Recently, my attention was drawn to an interesting analysis of The Hottest Startup Sectors In 2016, written by Tomasz Tunguz. It shows the trend of investments into 16 major startup markets and tries to expose the gap between seed and Series A investment dollars.
The arrangement of charts into a "small multiples" chart matrix is an excellent idea. However, when you start drawing conclusions from the visual representation, you may arrive at some seriously false conclusions. Let's take a closer look:
The Hottest Startup Sectors In 2016 by Tomasz Tunguz
Nice, isn't it? 16 markets presented on one single page, so you can compare them all at once and spot similarities and differences. I love small multiples.
But wait, it this correct?
For example, the seed investments in Digital Media and SaaS somehow look related and similar:
Hottest startups: Saas vs Digital Media
A careful reader will soon discover that these visuals are misleading. The SaaS market is almost 4x bigger than Digital media in terms of seed investment, a fact completely obscured by the picture. There's in fact a dramatic growth in Saas category but Digital media is much smaller and the situation there is not as dramatic as it seems.
You can make similar observations by comparing Advertising and Games or other categories.
The problem is the scaling.
Scaling, scaling... most probably the hardest problem in data visualization.
Let's show the proper data visualization first and then we'll continue our discussion:
Hottest Startups Sectors in 2016 - a redesign with Zebra BI
All charts are now properly scaled and organized into a more meaningful order (by the size of investment in 2015). We've accomplished this with just a few clicks using the Zebra BI Add-In for Excel.
In our information design solution you can clearly see the growth of SaaS, the downfall of Advertising, and you can make other observations without making a mistake in judgement.
Additionally, you can immediately spot the gap between seed and series A investments, which is the main point of the original article. We used black areas on our visualization to highlight this gap, so you can clearly see that in SaaS, Education, and Marketplaces the seed rounds are much greater than the A rounds. The opposite is true for E-Commerce, where seed investments are decreasing, while people keep investing A rounds for some reason (I'm not a venture capitalist, just a dataviz guy...).
How do you like this visual analysis?
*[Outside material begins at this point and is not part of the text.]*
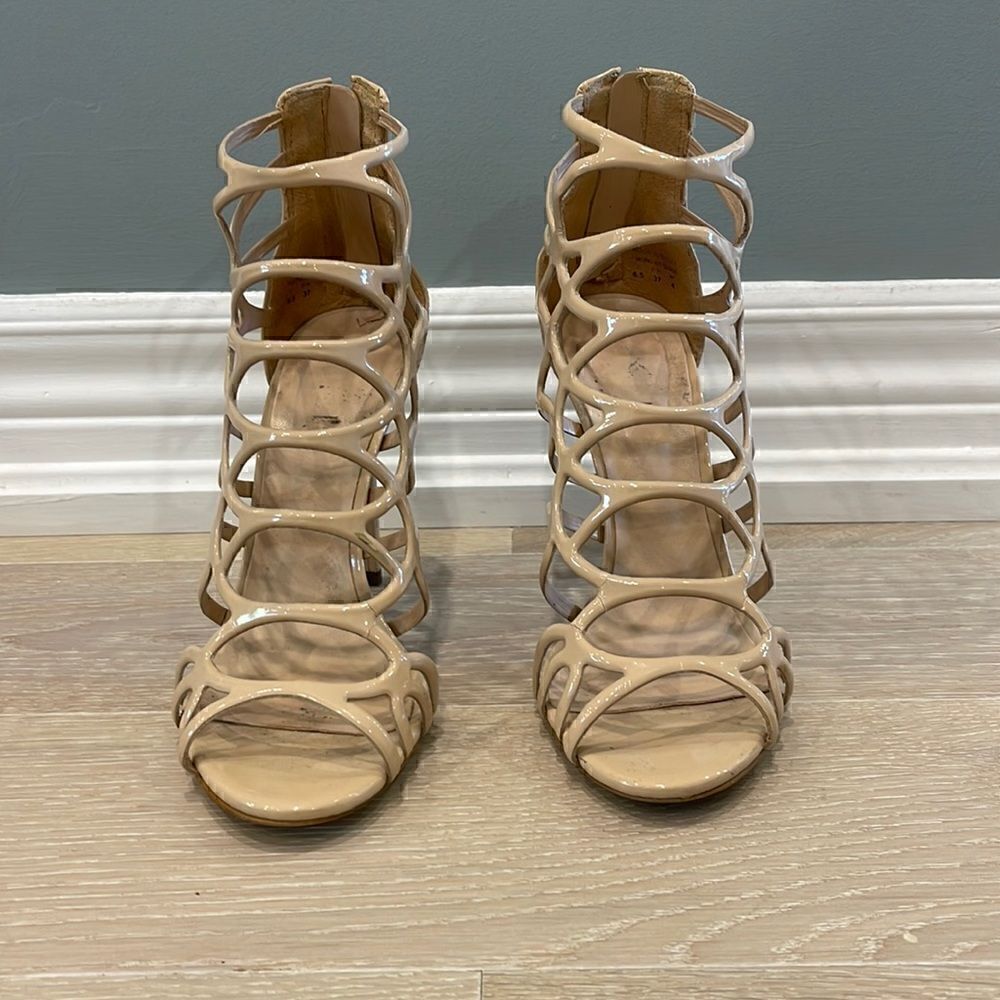 Aldo 6.5 Women’s shoe with a 4” heel.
Don't the findings make more sense now?
Why do we want to see the differences where there are none?
It appears as if humans have a certain cognitive bias that drives us towards enlarging (exaggerating) small differences - 'But if I scale the charts, then I don't see the small values'. I've heard that so many times. Even well known data visualization authors, like Stephen Few from Perceptual Edge, seem to agree with that.
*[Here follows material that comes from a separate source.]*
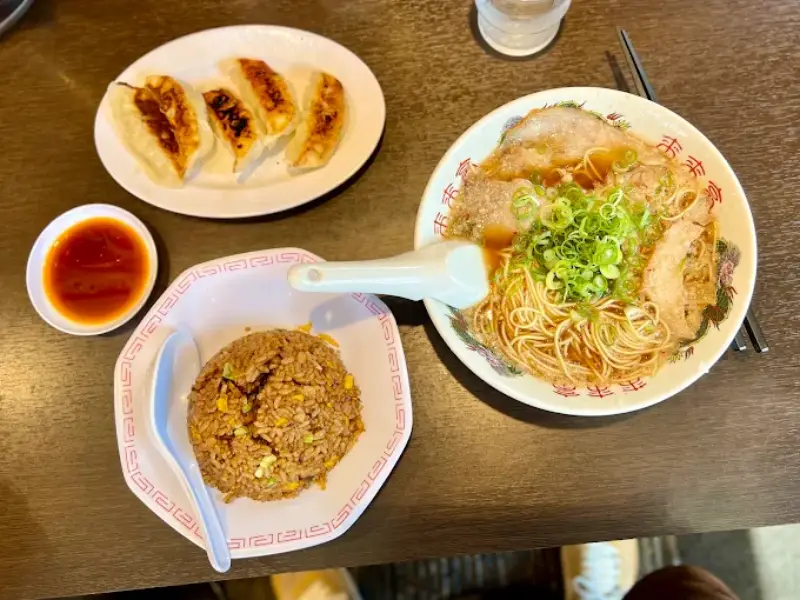 来来亭チャーハンはなぜ黒い?香ばしさと大盛りやカロリーまで徹底解説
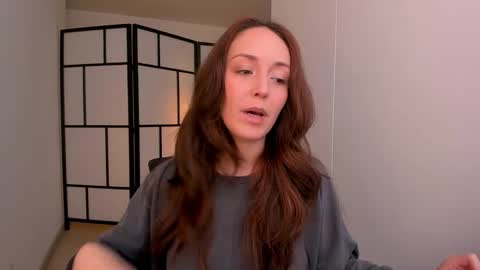   MOLLY   online show from March 19, 5:07 pm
Well, if the values are small, than the message is that the market is small. That's it. It's a perfectly legitimate message.
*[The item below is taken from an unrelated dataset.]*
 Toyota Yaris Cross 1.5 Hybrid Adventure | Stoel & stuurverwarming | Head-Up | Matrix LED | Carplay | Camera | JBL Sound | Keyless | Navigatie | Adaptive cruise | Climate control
For example, the proper comparison of the share of investment in % between the Saas and Digital media markets is like this:
Hottest Startup Sectors: Saas vs Digital media
If we really wanted to compare just the relative growth rates, then we would not invent a custom scale for each chart, but rather try to find a better KPI, such as growth rates in % or something similar. Or, if only one market is much bigger than the others, you can simply apply a trick to make this particular chart bigger (and still keep the scaling). But that's a whole different topic. It's certainly not needed in the above example.
To conclude: in small multiples, just make sure you use the same scale in all charts (synchronize the Y axis) and your potentially great visual analyses will become truly excellent.